Source Connectors with 'exactly.once.support = required' may have some of their 
tasks that issue InitProducerId requests timeout. In the case of 
MirrorSourceConnector, which was the source connector that i found the bug, the 
bug was effectively making all the tasks (in the specific case of) become 
"FAILED". As soon as one of the tasks get in the FAILED state due to the 
'COORDINATOR_NOT_AVAILABLE' messages (due to timeouts), no matter how many 
restarts i did to the connector/tasks, i couldn't get the MirrorSourceConnector 
in a healthy RUNNING state again.

Due to the low timeout that has been [hard-coded in the 
code|https://github.com/apache/kafka/blob/3.6.1/clients/src/main/java/org/apache/kafka/clients/admin/internals/FenceProducersHandler.java#L87]
 (1ms), there is a chance that the `InitProducerId` requests timeout in case of 
"slower-than-expected" Kafka brokers (that do not process & respond to the 
above request in <= 1ms). (feel free to read more information about the issue 
in the "More Context" section below)

[~ChrisEgerton] I would appreciate it if you could respond to the following 
questions
- How and why was the 1ms magic number for transaction timeout has to be chosen?
- Is there any specific reason that it can be guaranteed that the 
`InitProducerId` request can be processed in such a small time window? 
- I have tried the above in multiple different Kafka clusters that are hosted 
in different underlying datacenter hosts and i don't believe that those brokers 
are "slow" for some reason.

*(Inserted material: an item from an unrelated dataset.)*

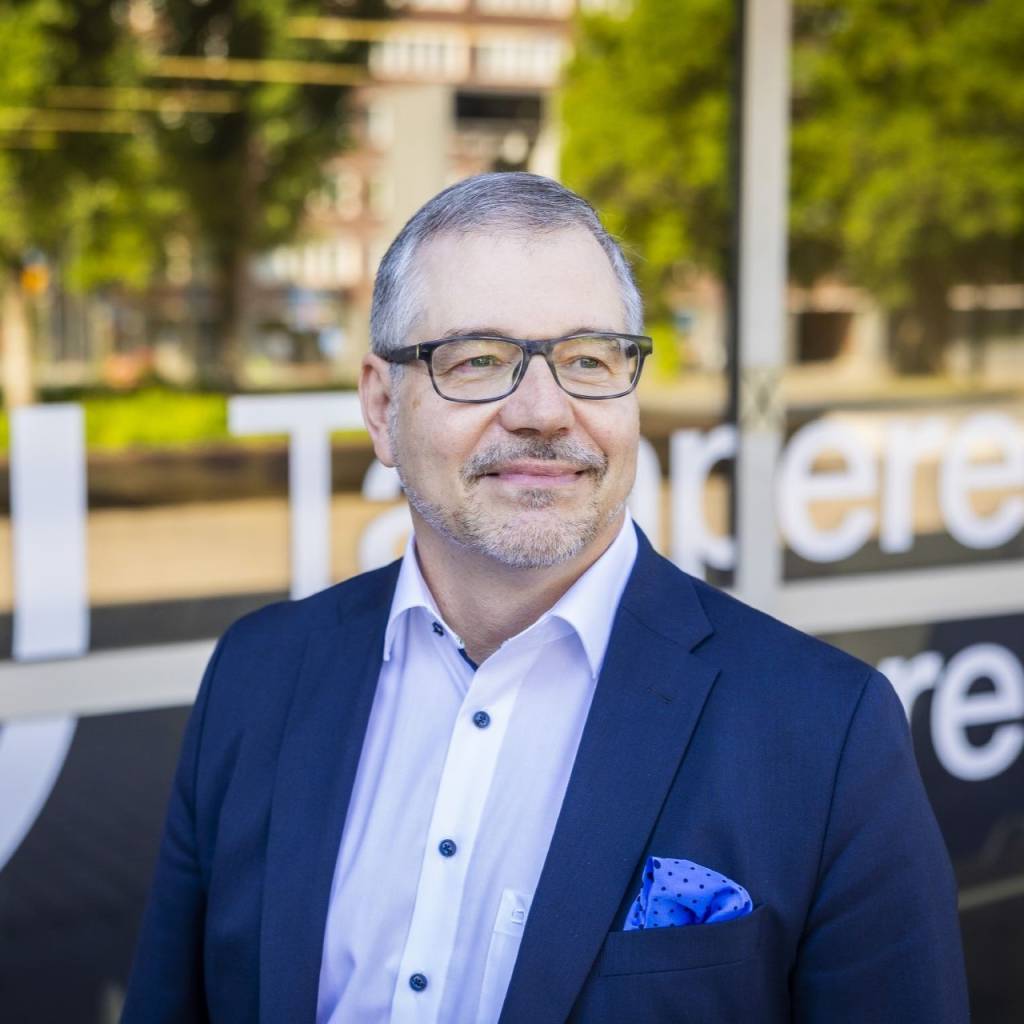 Rehtorilla on harmaat hiukset ja mustapokaiset silmälasit. Hän seisoo lasiseinän edessä, jossa on Tampereen yliopiston logo. Hämäläisellä on valkoinen kaulupaita ja tummansininen pikkutakki. Hän hymyilee ja katsoo viistosti oikealle, ei suoraan kameraan.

If you feel that the brokers are slower than 
expected, i would appreciate any pointers on how could i find out what is the 
bottleneck


h3. Temporary Mitigation

I have increased the timeout to 1000ms (randomly picked this number, just 
wanted to give enough time to brokers to always complete those type of 
requests). It fix can be found in my fork 
https://github.com/akaltsikis/kafka/commit/8a47992e7dc63954f9d9ac54e8ed1f5a7737c97f
 

h3. Final solution

The temporary mitigation is not ideal, as it still randomly picks a timeout for 
such an operation which may high enough but it's not ensured that it will 
always be high enough. Shall we introduce something client configurable ?
At the same time, i was thinking whether it makes sense to introduce some tests 
that simulate slower than the "blazing" fast mocked brokers that exist in Unit 
Tests, so as to be able to catch this type of low timeouts that potentially 
make some software features not usable.


h3. What is affected

The above bug exists in MirrorSourceConnector Tasks running in distributed 
Kafka connect cluster or MIrrorMaker 2 jobs that run with distributed mode 
enabled (pre-requisite for the exactly.once.support to work). I believe this 
should be true for other SourceConnectors as well (as the code-path that was 
the one to blame is Connect specific & not MirrorMaker specific).

h3. More context & logs

*Connector Logs*
{code:java}
Caused by: java.util.concurrent.CompletionException: 
org.apache.kafka.common.errors.TimeoutException: Timed out waiting for a node 
assignment. Call: fenceProducer(api=INIT_PRODUCER_ID)
{code}

*Broker Logs*
{code:java}
[2023-12-12 14:28:18,030] INFO [TransactionCoordinator id=<id>] Returning 
COORDINATOR_NOT_AVAILABLE error code to client for 
kafka-connect-uat-mm2-msc-20th-7's InitProducerId request 
(kafka.coordinator.transaction.TransactionCoordinator)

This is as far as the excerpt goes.